*GIVEN RECORDS*.

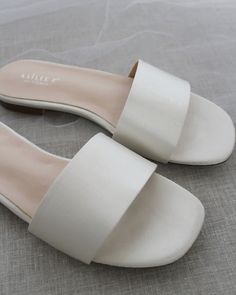 Classic slide flat sandals for casual and dressy look. Simple and easy wear for brides, bridesmaids and wedding parties.DETAILS:COLORS AVAILABLE: Ivory, Light Blue, White, Pink, and ChampagneUPPER: Synthetic upper and liningMATERIALS: Mandmade outsole STYLE NAME: EVELYN Summer Wedding Shoes With Low Heel, Flat Summer Wedding Shoes For Bridesmaids, Elegant Flat Heel Slides For Beach, Summer Flat Heel Bridesmaid Wedding Shoes, Elegant Open Toe Flats With Removable Insole, Elegant Summer Slides With Flat Heel, Chic Flat Heel Wedding Shoes For Summer, Elegant White Open Toe Slides, Chic Open Toe Wedding Shoes For Summer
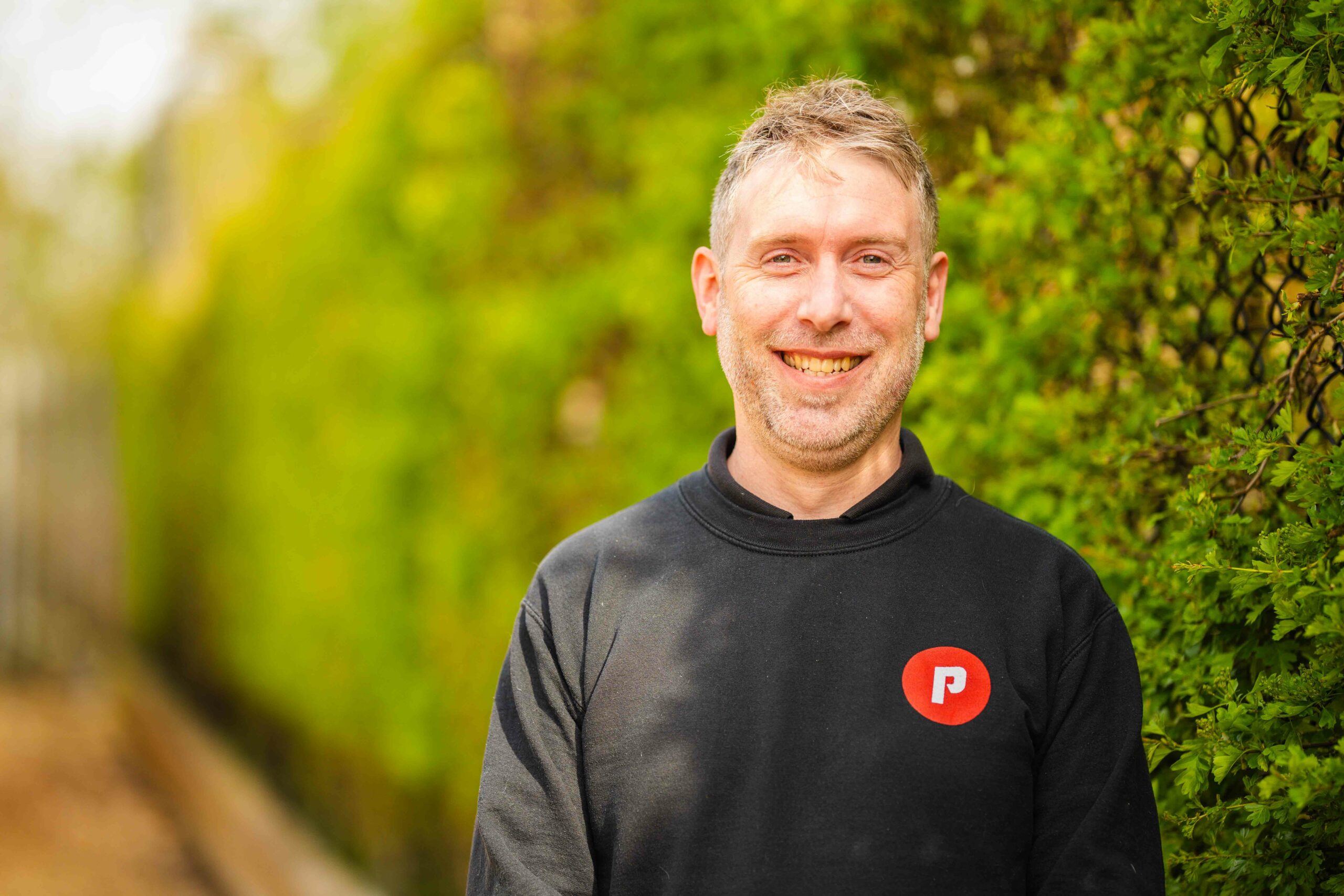 mage shows Tom Thornley, Managing Director of Paul’s Cycles, smiling and wearing a black jumper featuring Paul’s Cycles logo. He is standing in front of a hedge which is out of focus.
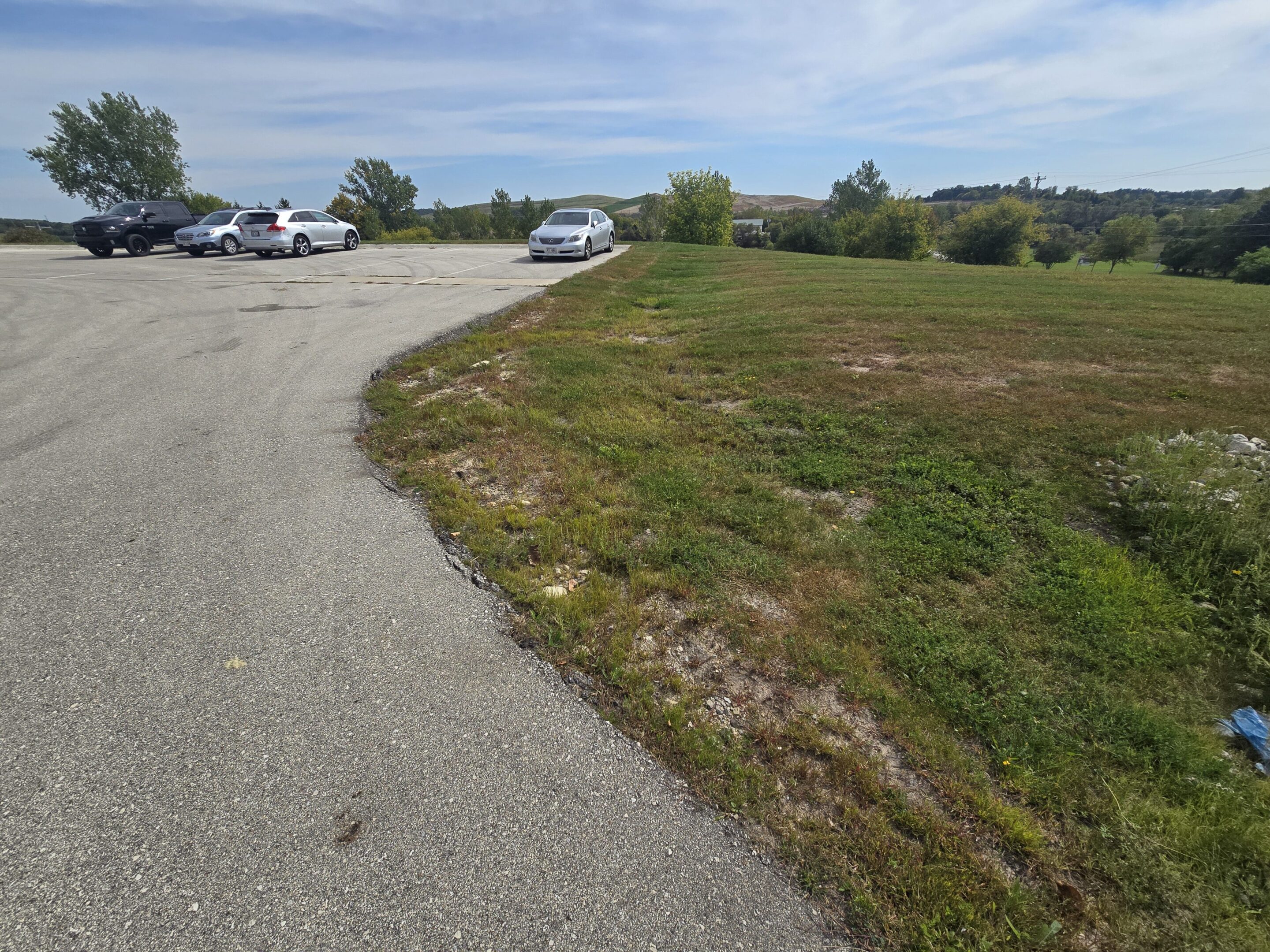 A few cars parked near a grassy area under a cloudy sky.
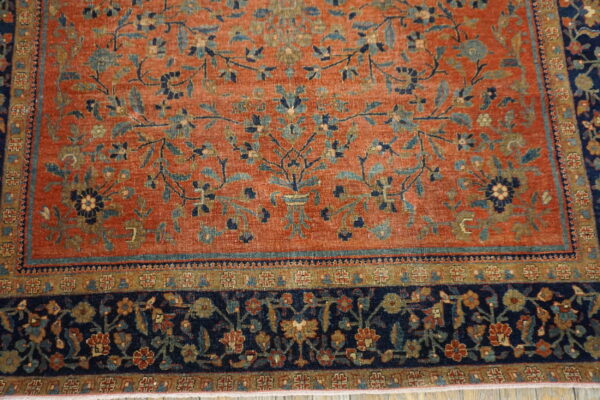 Rust-colored low-pile rug with a detailed blue, teal, and gold botanical pattern and a dark navy border.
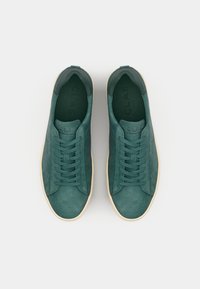 Green suede sneakers with a smooth texture, rounded toe, flat laces, and a contrasting cream sole. Embossed logo on the tongue.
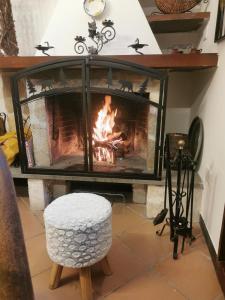 a living room with a fireplace and a white stool at Casa Vacanza Pescocostanzo in Pescocostanzo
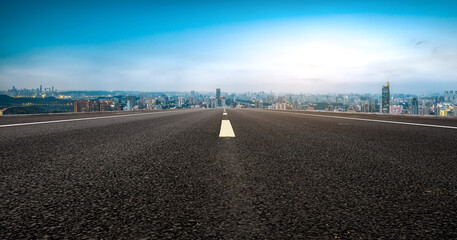 Expansive Urban Skyline View from a Wide Open Street Perspective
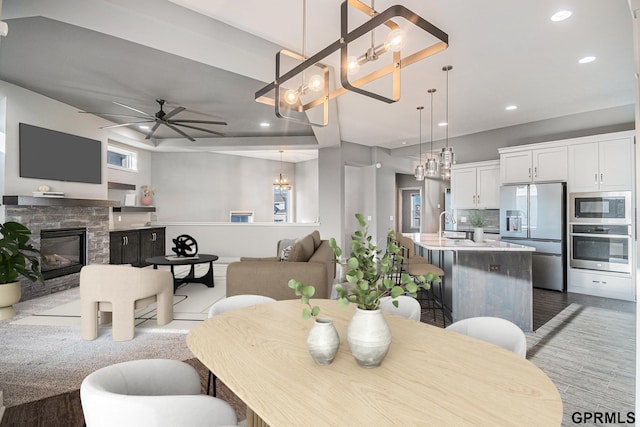 dining area featuring recessed lighting, light wood finished floors, a fireplace, and ceiling fan with notable chandelier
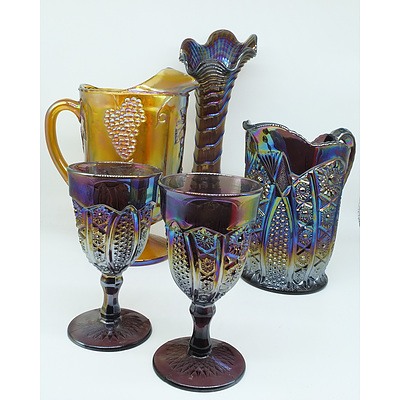 Group of Carnival Glass Including Two Water Pitchers, Two Goblets and a Vase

*TASK INSTRUCTIONS*. Each line from the line containing "mage shows Tom" through the final line of the data above must be retyped exactly; nothing else, and no pictures, may appear.

*SOLUTION FOR THIS EXERCISE*.
 mage shows Tom Thornley, Managing Director of Paul’s Cycles, smiling and wearing a black jumper featuring Paul’s Cycles logo. He is standing in front of a hedge which is out of focus.
 A few cars parked near a grassy area under a cloudy sky.
 Rust-colored low-pile rug with a detailed blue, teal, and gold botanical pattern and a dark navy border.
 Green suede sneakers with a smooth texture, rounded toe, flat laces, and a contrasting cream sole. Embossed logo on the tongue.
 a living room with a fireplace and a white stool at Casa Vacanza Pescocostanzo in Pescocostanzo
 Expansive Urban Skyline View from a Wide Open Street Perspective
 dining area featuring recessed lighting, light wood finished floors, a fireplace, and ceiling fan with notable chandelier
 Group of Carnival Glass Including Two Water Pitchers, Two Goblets and a Vase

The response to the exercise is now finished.